[Start of Attachment]
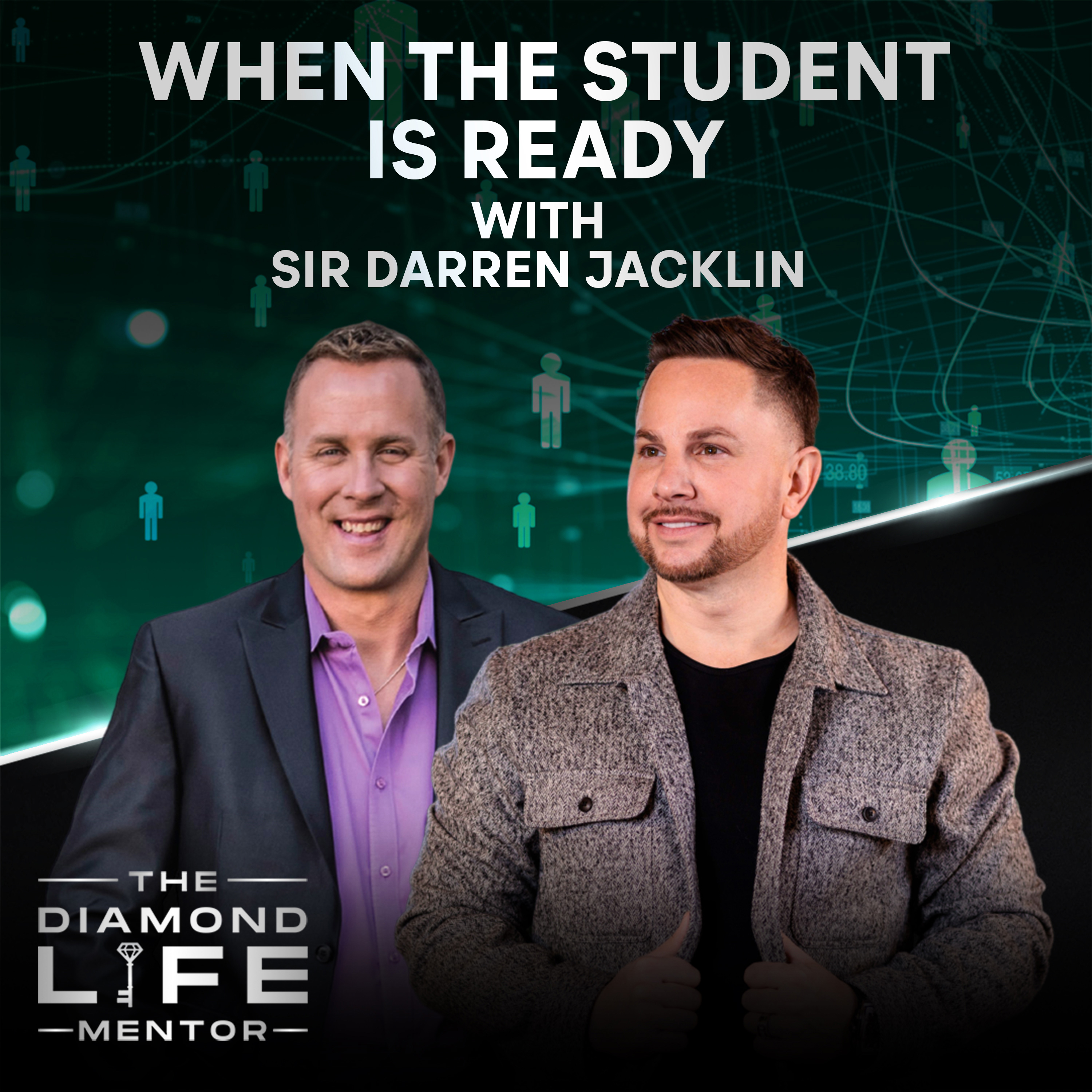When the Student is Ready with Sir Darren Jacklin
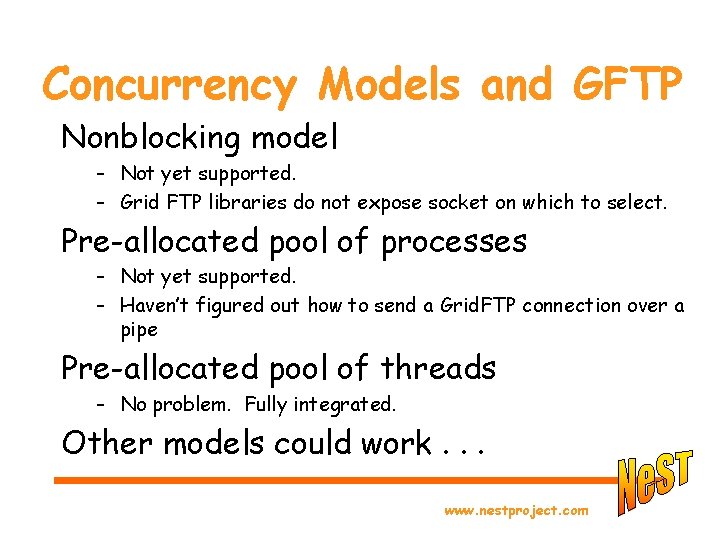 Concurrency Models and GFTP Nonblocking model – Not yet supported. – Grid FTP libraries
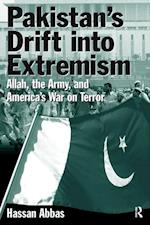 Pakistan''s Drift into Extremism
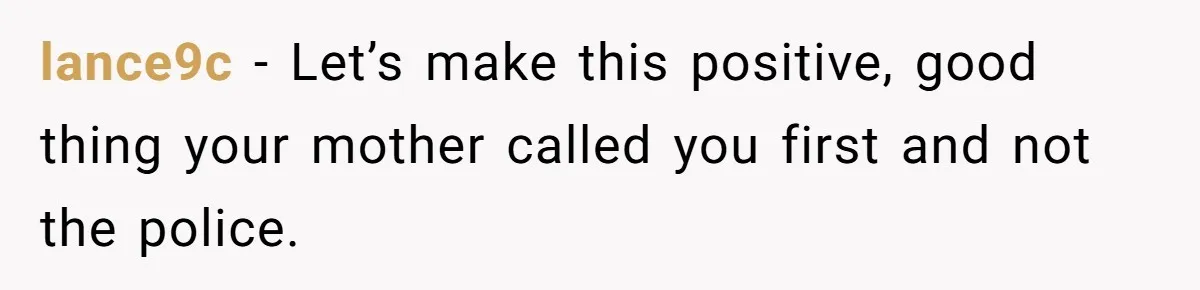 lance9c − Let’s make this positive, good thing your mother called you first and not the police.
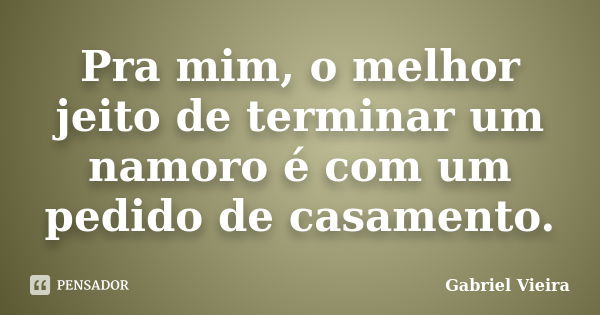 Pra mim, o melhor jeito de terminar um namoro é com um pedido de casamento.... Frase de Gabriel Vieira.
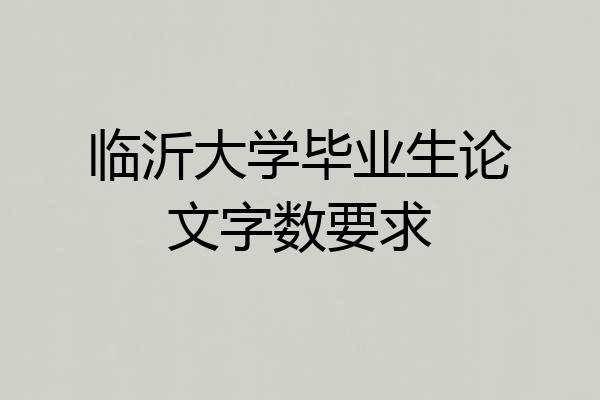 临沂大学毕业生论文字数要求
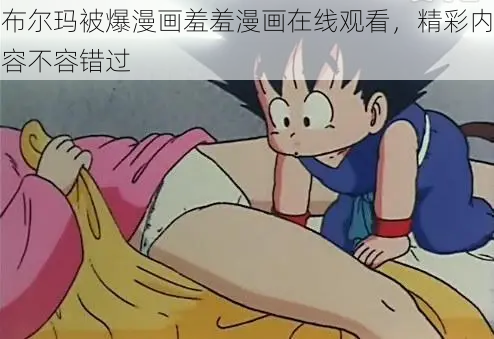 布尔玛被爆漫画羞羞漫画在线观看，精彩内容不容错过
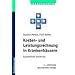 Kosten- und Leistungsrechnung in Krankenh�usern; Systematische Einf�hrung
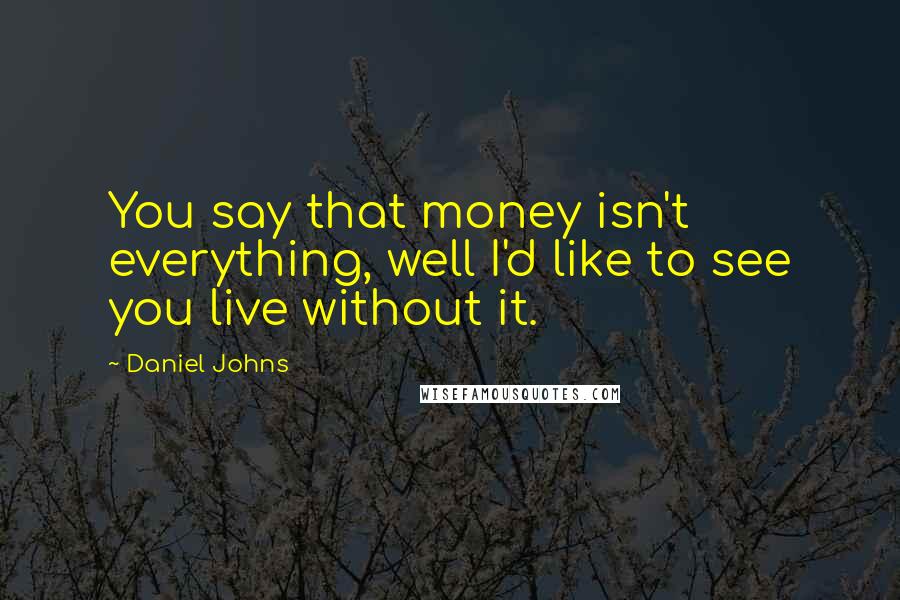 Daniel Johns Quotes: You say that money isn't everything, well I'd like to see you live without it.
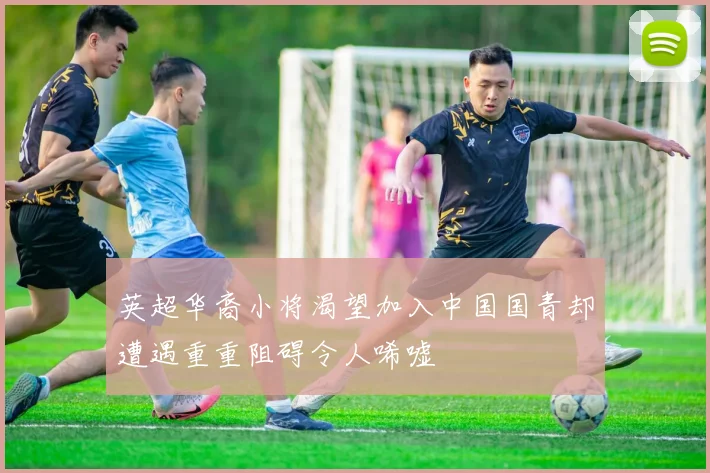 英超华裔小将渴望加入中国国青却遭遇重重阻碍令人唏嘘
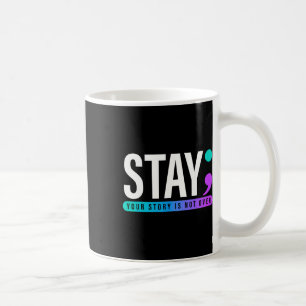 Din berättelse är inte över självmordsförebyggande kaffemugg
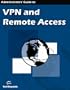 Administrator's Guide to VPN and Remote Access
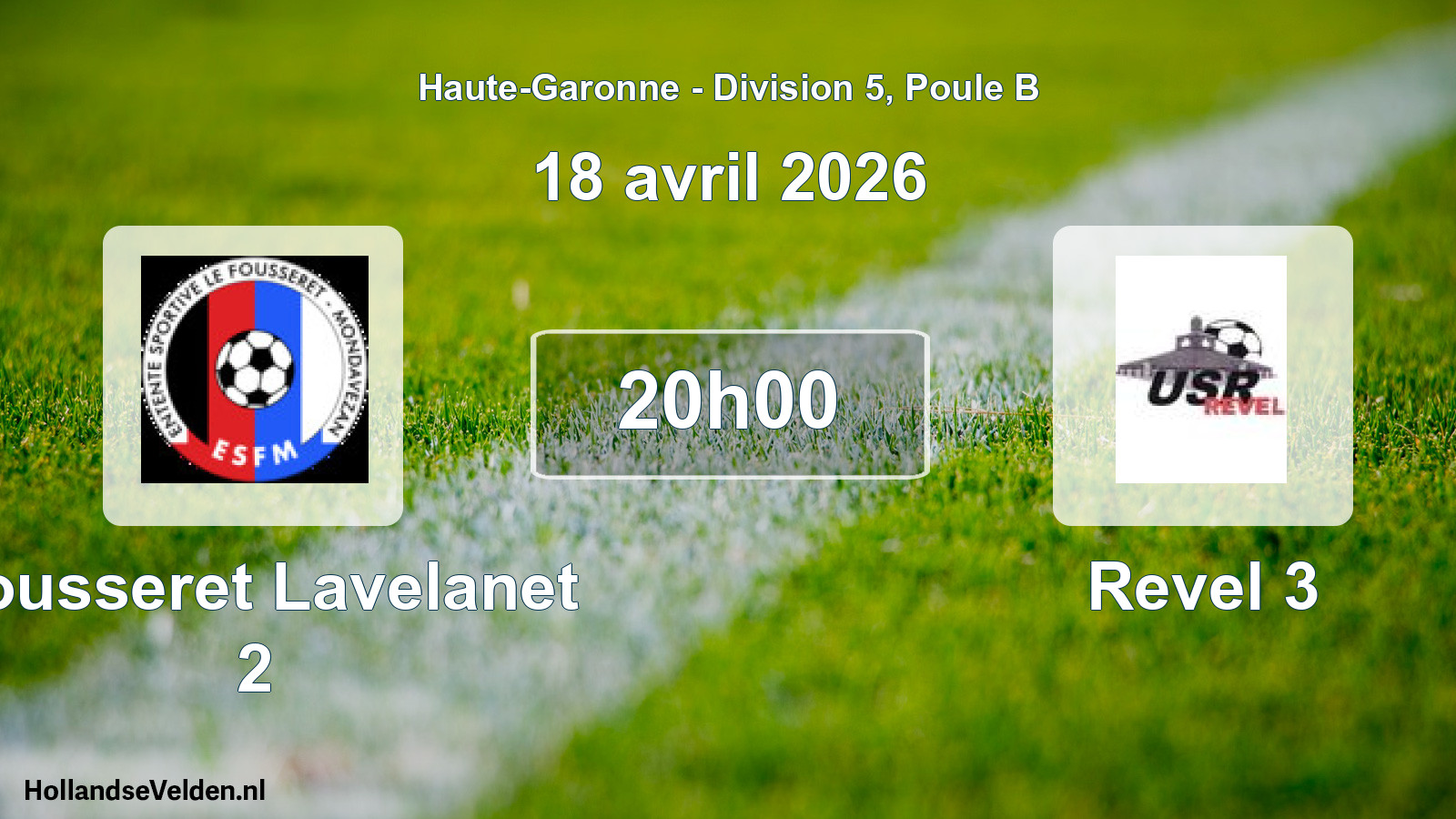 Scheduled Match: Fousseret Lavelanet 2 - Revel 3 (18 April 2026)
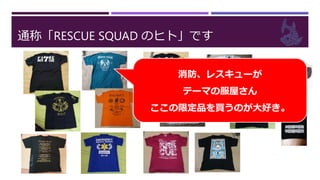 通称「RESCUE SQUAD のヒト」です
消防、レスキューが
テーマの服屋さん
ここの限定品を買うのが大好き。
 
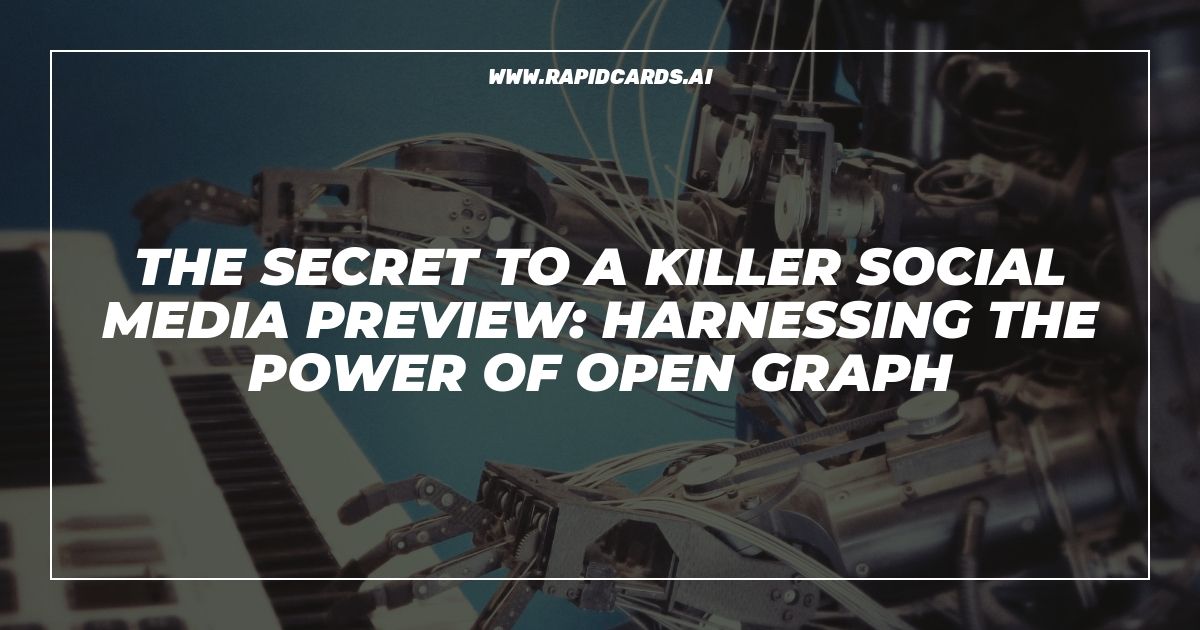 The Secret to a Killer Social Media Preview: Harnessing the Power of Open Graph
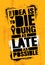 The Idea Is To Die Young As Late As Possible. Strong Inspiring Creative Life Motivation Quote Template. Stencil Graffiti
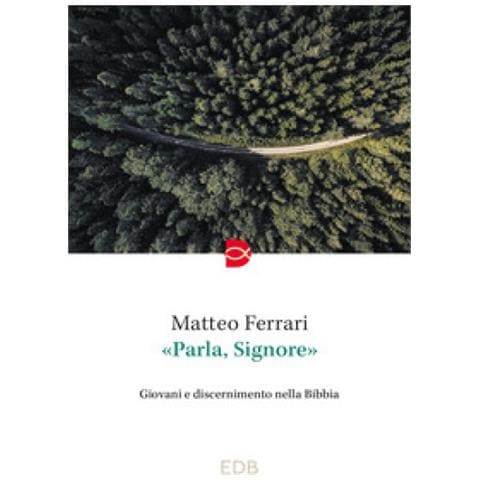 Matteo Ferrari - «parla, Signore». Giovani E Discernimento Nella Bibbia - Foto 1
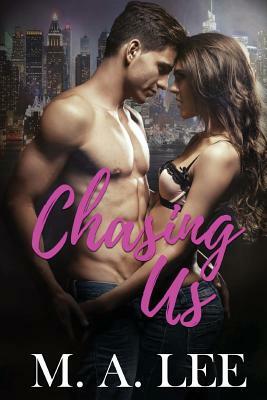 Chasing Us by M.A. Lee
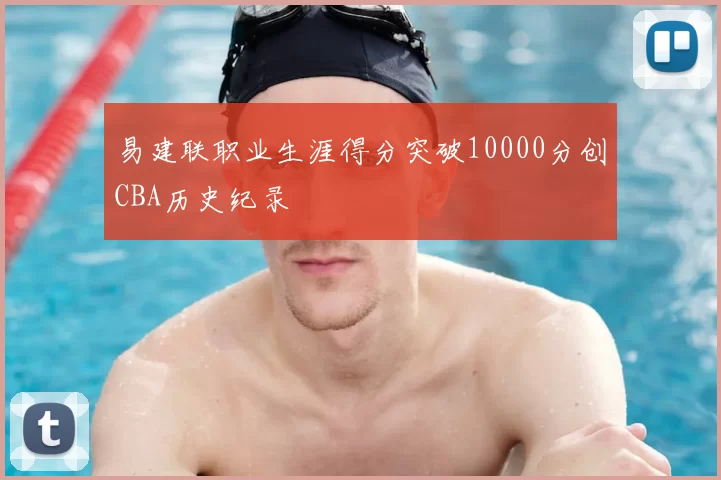 易建联职业生涯得分突破10000分创CBA历史纪录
[End of Attachment]
**What needs to be done**
The job here is to retype the data exactly, with no pictures included.

**Problem solution**
When the Student is Ready with Sir Darren Jacklin
 Concurrency Models and GFTP Nonblocking model – Not yet supported. – Grid FTP libraries
 Pakistan''s Drift into Extremism
 lance9c − Let’s make this positive, good thing your mother called you first and not the police.
 Pra mim, o melhor jeito de terminar um namoro é com um pedido de casamento.... Frase de Gabriel Vieira.
 临沂大学毕业生论文字数要求
 布尔玛被爆漫画羞羞漫画在线观看，精彩内容不容错过
 Kosten- und Leistungsrechnung in Krankenh�usern; Systematische Einf�hrung
 Daniel Johns Quotes: You say that money isn't everything, well I'd like to see you live without it.
 英超华裔小将渴望加入中国国青却遭遇重重阻碍令人唏嘘
 Din berättelse är inte över självmordsförebyggande kaffemugg
 Administrator's Guide to VPN and Remote Access
 Scheduled Match: Fousseret Lavelanet 2 - Revel 3 (18 April 2026)
 通称「RESCUE SQUAD のヒト」です
消防、レスキューが
テーマの服屋さん
ここの限定品を買うのが大好き。
 
 The Secret to a Killer Social Media Preview: Harnessing the Power of Open Graph
 The Idea Is To Die Young As Late As Possible. Strong Inspiring Creative Life Motivation Quote Template. Stencil Graffiti
 Matteo Ferrari - «parla, Signore». Giovani E Discernimento Nella Bibbia - Foto 1
 Chasing Us by M.A. Lee
 易建联职业生涯得分突破10000分创CBA历史纪录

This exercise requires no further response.